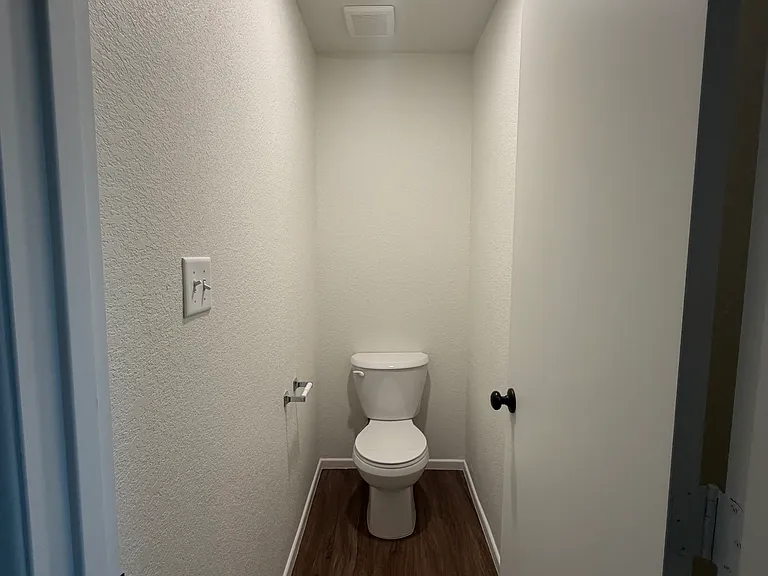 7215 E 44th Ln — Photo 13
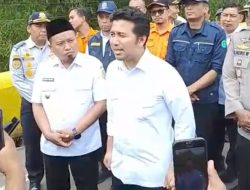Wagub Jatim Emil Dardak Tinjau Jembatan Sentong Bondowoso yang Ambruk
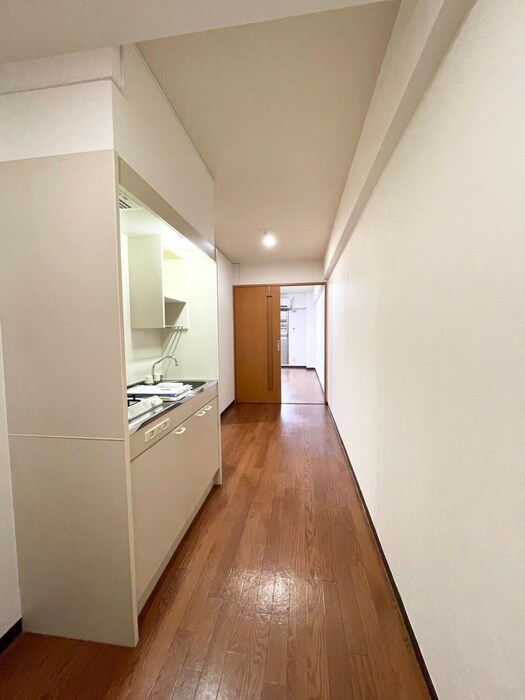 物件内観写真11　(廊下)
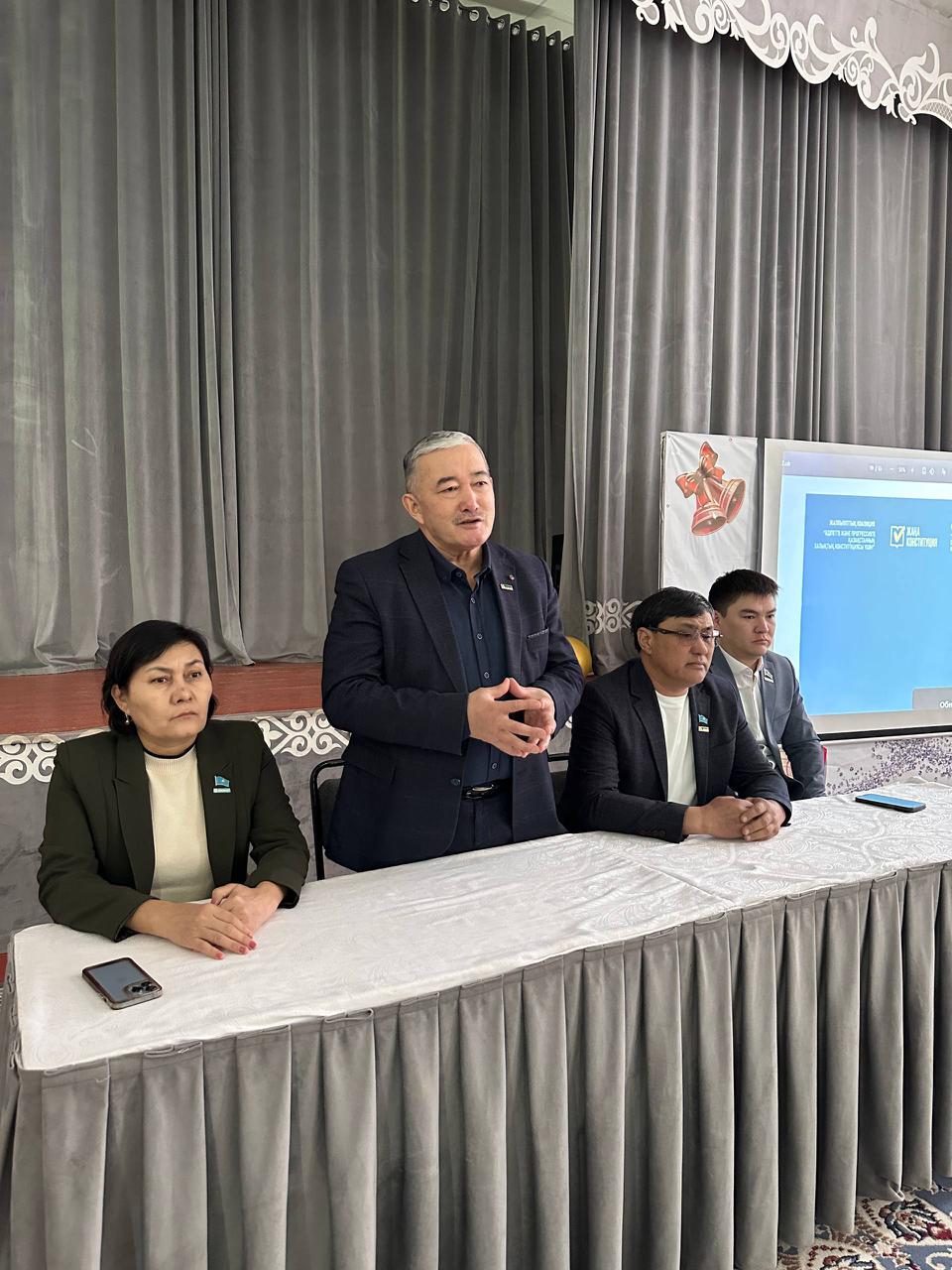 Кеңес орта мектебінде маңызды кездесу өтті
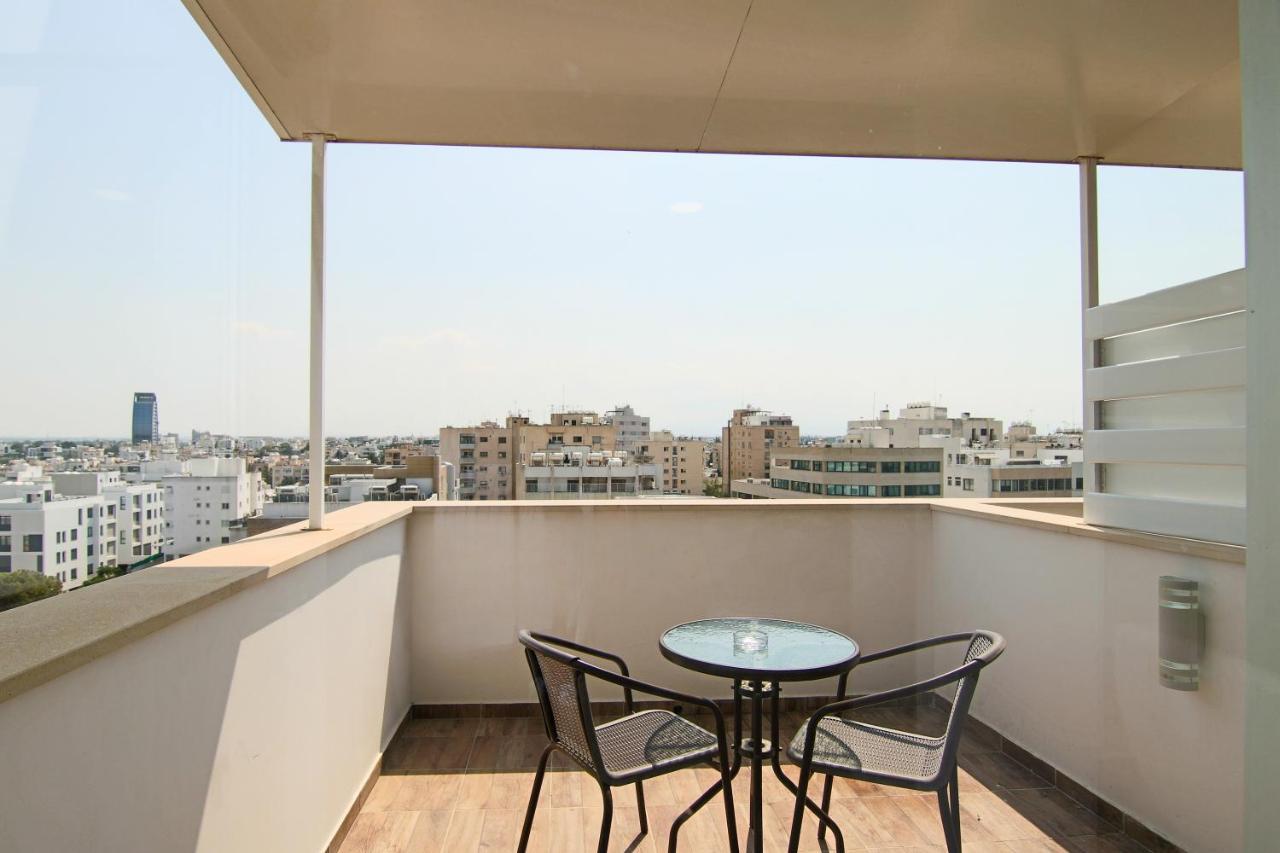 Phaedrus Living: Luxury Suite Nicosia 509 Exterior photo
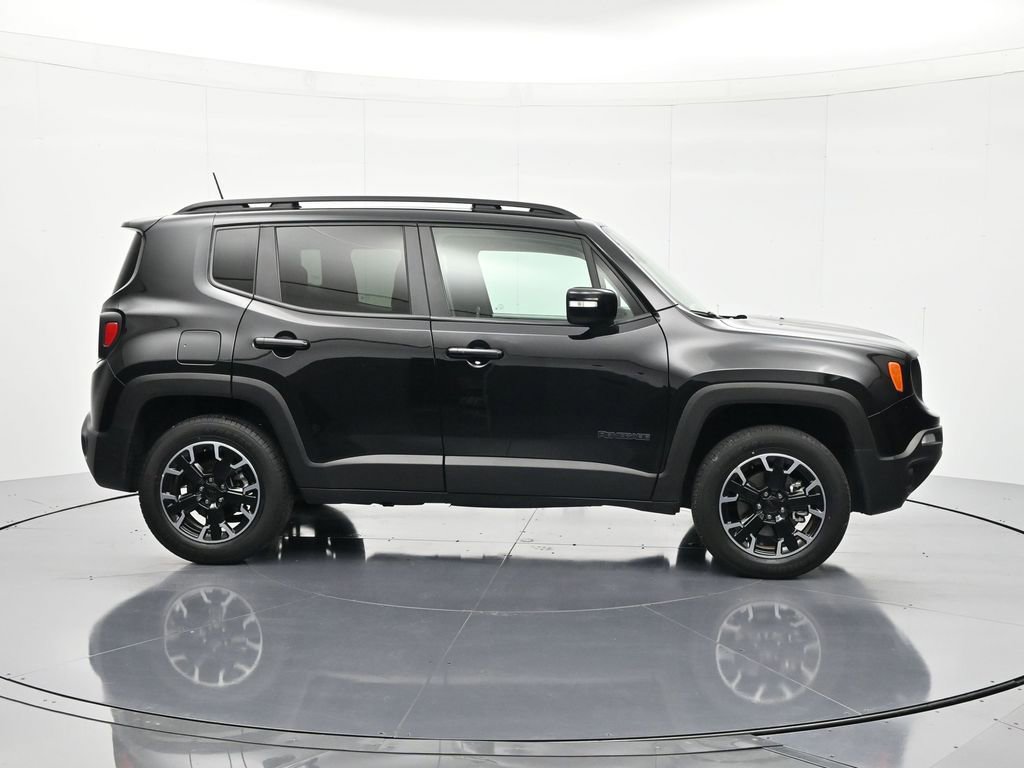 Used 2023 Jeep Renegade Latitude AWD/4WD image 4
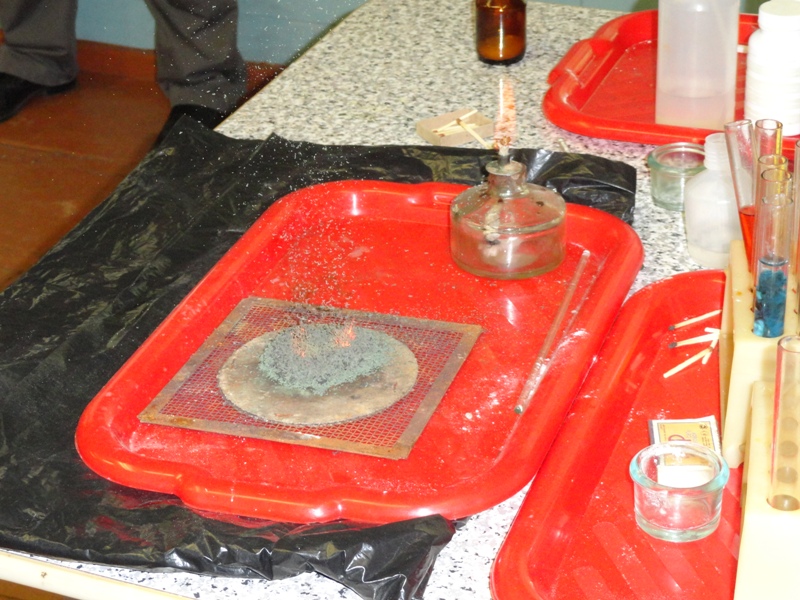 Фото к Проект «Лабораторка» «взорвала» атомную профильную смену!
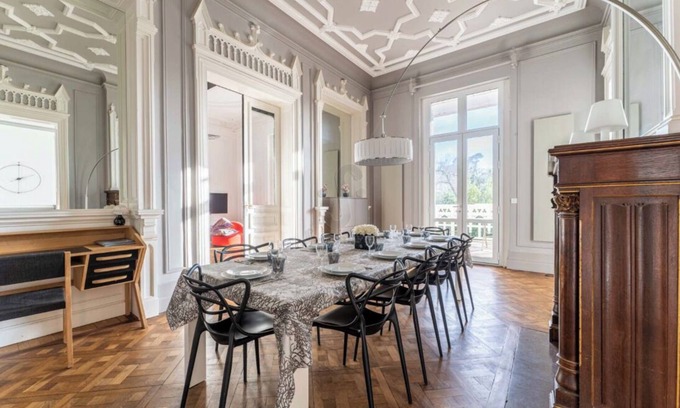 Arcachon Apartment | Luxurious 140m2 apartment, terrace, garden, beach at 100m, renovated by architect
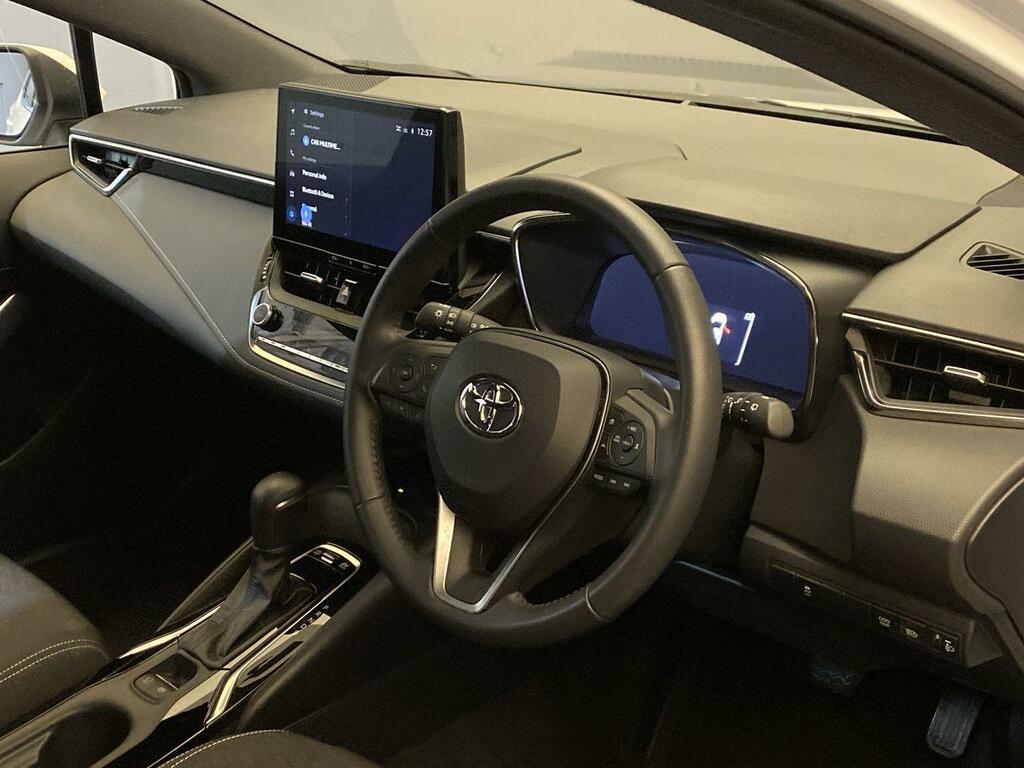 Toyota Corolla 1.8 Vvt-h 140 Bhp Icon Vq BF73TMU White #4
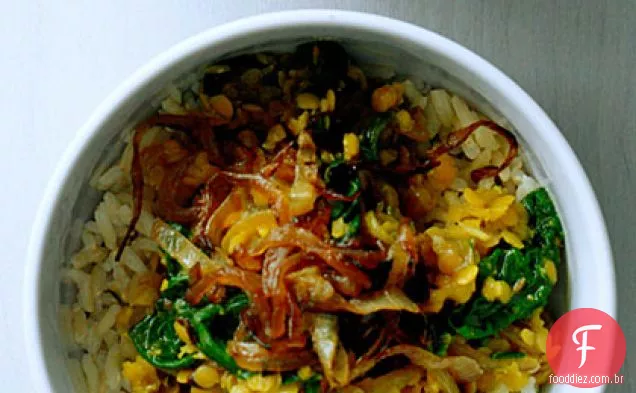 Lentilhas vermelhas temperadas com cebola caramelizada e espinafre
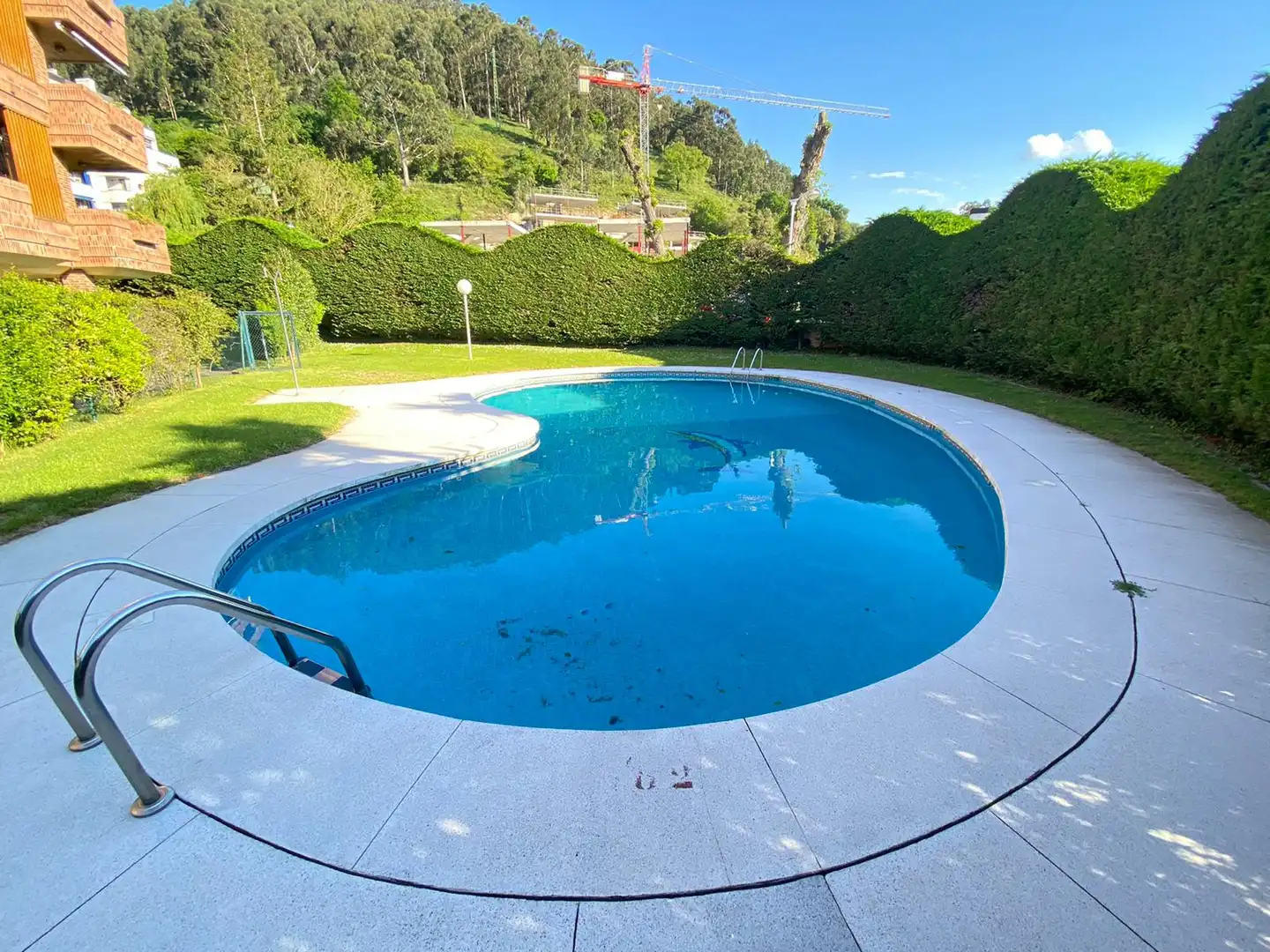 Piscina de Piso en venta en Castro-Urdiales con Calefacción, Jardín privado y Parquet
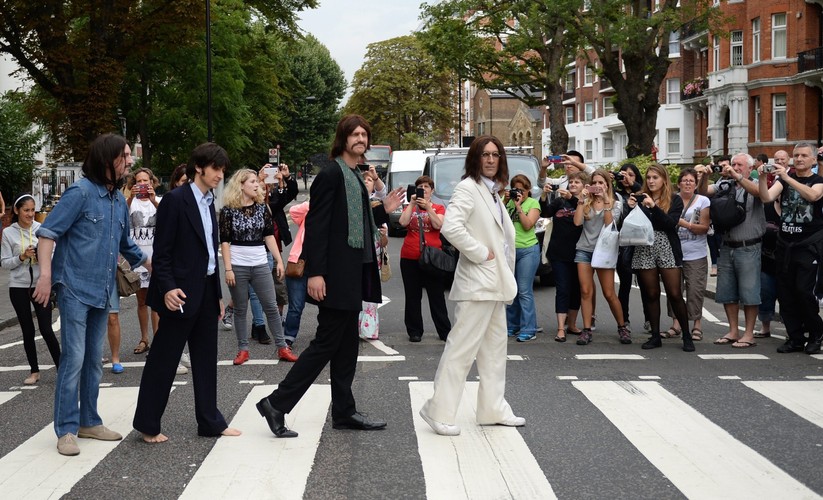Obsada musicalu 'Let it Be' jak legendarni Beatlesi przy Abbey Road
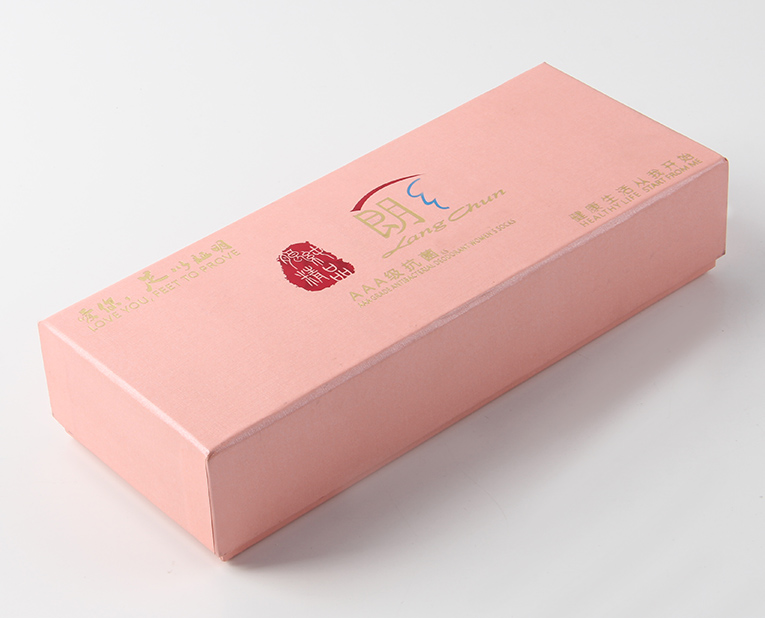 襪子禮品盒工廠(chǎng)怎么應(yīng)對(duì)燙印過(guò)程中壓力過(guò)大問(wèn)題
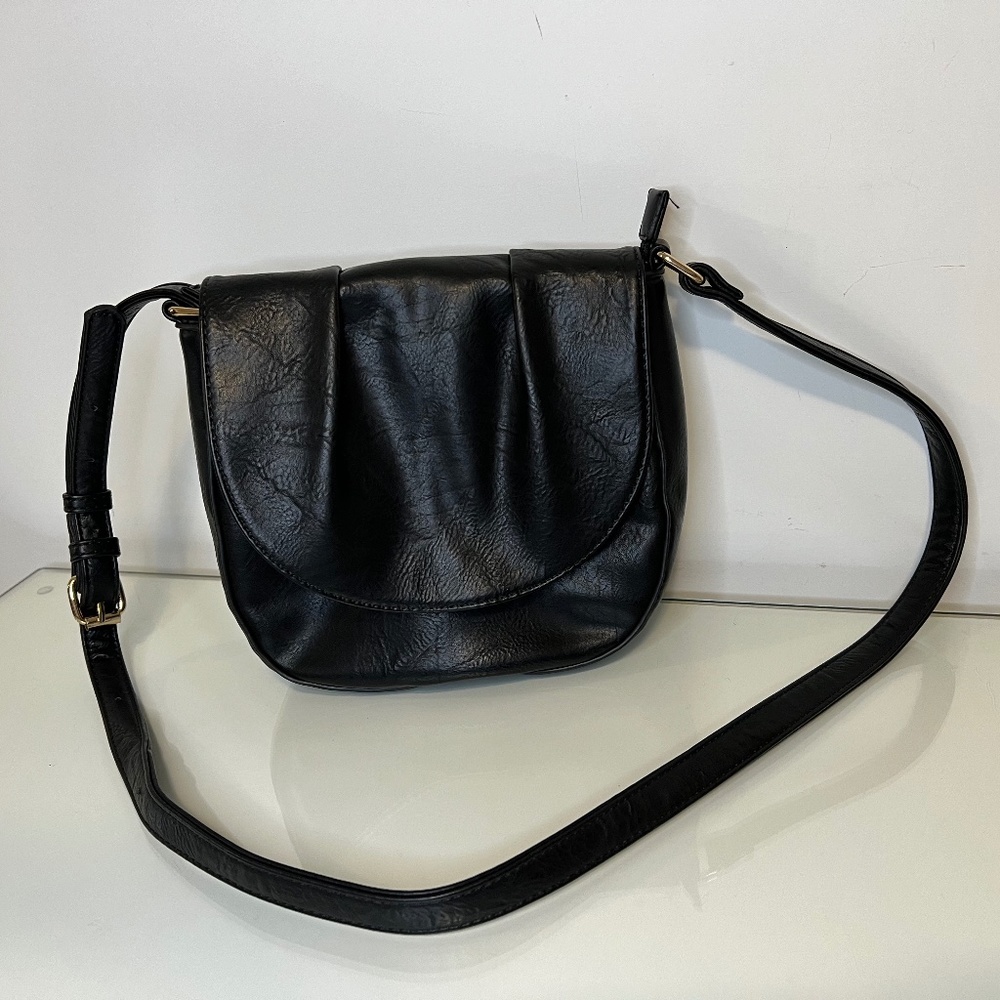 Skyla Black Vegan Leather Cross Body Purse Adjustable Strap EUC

◇ ◇ ◇ ◇ ◇ ◇ ◇

What the task requires: Retype the entries verbatim and drop the pictures.

Solved problem:
 7215 E 44th Ln — Photo 13
Wagub Jatim Emil Dardak Tinjau Jembatan Sentong Bondowoso yang Ambruk
 物件内観写真11　(廊下)
 Кеңес орта мектебінде маңызды кездесу өтті
 Phaedrus Living: Luxury Suite Nicosia 509 Exterior photo
 Used 2023 Jeep Renegade Latitude AWD/4WD image 4
 Фото к Проект «Лабораторка» «взорвала» атомную профильную смену!
 Arcachon Apartment | Luxurious 140m2 apartment, terrace, garden, beach at 100m, renovated by architect
 Toyota Corolla 1.8 Vvt-h 140 Bhp Icon Vq BF73TMU White #4
 Lentilhas vermelhas temperadas com cebola caramelizada e espinafre
 Piscina de Piso en venta en Castro-Urdiales con Calefacción, Jardín privado y Parquet
Obsada musicalu 'Let it Be' jak legendarni Beatlesi przy Abbey Road
 襪子禮品盒工廠(chǎng)怎么應(yīng)對(duì)燙印過(guò)程中壓力過(guò)大問(wèn)題
 Skyla Black Vegan Leather Cross Body Purse Adjustable Strap EUC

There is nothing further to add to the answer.